• EXERCISE PROMPT
Pick out each line of the records in which the word "sitting" appears.

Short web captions
━━━━━━━━━━

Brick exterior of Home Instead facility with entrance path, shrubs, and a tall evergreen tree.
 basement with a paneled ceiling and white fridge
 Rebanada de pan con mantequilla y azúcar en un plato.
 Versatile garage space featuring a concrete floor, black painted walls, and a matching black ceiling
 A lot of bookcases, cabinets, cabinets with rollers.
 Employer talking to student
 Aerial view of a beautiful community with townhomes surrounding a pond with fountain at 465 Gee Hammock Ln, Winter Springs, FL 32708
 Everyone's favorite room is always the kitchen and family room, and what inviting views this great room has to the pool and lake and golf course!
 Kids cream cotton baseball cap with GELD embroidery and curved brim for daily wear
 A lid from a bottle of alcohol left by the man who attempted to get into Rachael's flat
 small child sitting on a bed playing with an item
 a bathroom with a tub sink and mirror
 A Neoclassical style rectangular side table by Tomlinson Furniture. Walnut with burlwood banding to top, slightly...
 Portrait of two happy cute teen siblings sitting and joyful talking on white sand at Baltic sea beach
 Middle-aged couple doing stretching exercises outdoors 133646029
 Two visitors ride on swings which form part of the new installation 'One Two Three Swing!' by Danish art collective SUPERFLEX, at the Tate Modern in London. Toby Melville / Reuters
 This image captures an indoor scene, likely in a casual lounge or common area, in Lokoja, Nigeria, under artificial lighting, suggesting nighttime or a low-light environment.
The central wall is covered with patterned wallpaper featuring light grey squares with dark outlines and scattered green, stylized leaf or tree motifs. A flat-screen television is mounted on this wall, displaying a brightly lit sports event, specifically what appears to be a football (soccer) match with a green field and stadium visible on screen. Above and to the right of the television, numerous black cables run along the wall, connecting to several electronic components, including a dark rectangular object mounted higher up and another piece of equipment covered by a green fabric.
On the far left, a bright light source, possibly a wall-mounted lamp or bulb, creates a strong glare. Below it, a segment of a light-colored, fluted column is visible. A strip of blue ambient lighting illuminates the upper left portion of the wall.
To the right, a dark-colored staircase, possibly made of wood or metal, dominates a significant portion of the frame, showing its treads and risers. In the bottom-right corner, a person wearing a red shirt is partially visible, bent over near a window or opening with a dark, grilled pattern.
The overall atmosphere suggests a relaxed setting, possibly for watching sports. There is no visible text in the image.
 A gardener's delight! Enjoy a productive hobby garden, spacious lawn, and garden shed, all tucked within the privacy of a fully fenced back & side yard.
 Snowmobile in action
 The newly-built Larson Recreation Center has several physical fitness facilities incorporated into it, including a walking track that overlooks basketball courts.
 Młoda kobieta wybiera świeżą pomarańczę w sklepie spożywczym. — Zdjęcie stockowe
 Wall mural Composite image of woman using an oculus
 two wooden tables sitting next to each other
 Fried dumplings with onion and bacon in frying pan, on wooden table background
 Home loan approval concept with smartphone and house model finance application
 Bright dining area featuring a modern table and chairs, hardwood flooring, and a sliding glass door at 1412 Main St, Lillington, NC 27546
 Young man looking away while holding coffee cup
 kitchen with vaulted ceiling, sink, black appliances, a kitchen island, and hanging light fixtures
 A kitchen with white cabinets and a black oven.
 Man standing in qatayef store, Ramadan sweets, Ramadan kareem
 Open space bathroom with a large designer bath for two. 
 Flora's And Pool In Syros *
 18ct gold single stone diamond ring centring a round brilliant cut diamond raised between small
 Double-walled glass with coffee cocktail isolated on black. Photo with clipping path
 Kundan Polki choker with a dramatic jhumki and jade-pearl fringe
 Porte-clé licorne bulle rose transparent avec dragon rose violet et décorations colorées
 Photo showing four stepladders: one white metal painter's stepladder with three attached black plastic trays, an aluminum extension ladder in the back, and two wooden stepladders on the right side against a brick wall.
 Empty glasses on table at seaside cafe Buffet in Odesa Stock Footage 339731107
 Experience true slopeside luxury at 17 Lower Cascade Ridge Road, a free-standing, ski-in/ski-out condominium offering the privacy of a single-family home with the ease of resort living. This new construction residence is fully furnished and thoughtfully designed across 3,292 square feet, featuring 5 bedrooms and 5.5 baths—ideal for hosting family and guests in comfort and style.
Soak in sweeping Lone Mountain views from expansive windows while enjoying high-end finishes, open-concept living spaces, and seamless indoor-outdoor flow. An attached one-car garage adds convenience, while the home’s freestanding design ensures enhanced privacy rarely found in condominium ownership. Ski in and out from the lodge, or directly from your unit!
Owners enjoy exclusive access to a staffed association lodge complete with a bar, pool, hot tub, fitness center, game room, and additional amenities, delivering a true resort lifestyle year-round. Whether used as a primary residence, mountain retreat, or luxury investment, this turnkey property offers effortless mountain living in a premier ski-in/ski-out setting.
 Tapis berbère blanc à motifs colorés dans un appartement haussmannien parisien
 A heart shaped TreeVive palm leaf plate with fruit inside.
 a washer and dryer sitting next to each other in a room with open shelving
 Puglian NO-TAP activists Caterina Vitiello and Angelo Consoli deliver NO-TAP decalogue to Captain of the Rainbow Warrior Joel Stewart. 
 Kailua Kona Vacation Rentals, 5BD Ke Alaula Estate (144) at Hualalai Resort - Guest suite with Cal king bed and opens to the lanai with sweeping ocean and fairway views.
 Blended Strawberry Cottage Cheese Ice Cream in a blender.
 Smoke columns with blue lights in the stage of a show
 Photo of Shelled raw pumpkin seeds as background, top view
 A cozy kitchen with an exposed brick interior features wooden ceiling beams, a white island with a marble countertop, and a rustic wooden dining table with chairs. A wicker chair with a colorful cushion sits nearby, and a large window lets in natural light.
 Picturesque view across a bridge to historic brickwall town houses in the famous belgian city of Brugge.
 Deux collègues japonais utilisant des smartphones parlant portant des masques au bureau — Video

━━━━━━━━━━

• OUTPUT FOR THIS EXERCISE
 small child sitting on a bed playing with an item
 Portrait of two happy cute teen siblings sitting and joyful talking on white sand at Baltic sea beach
 two wooden tables sitting next to each other
 a washer and dryer sitting next to each other in a room with open shelving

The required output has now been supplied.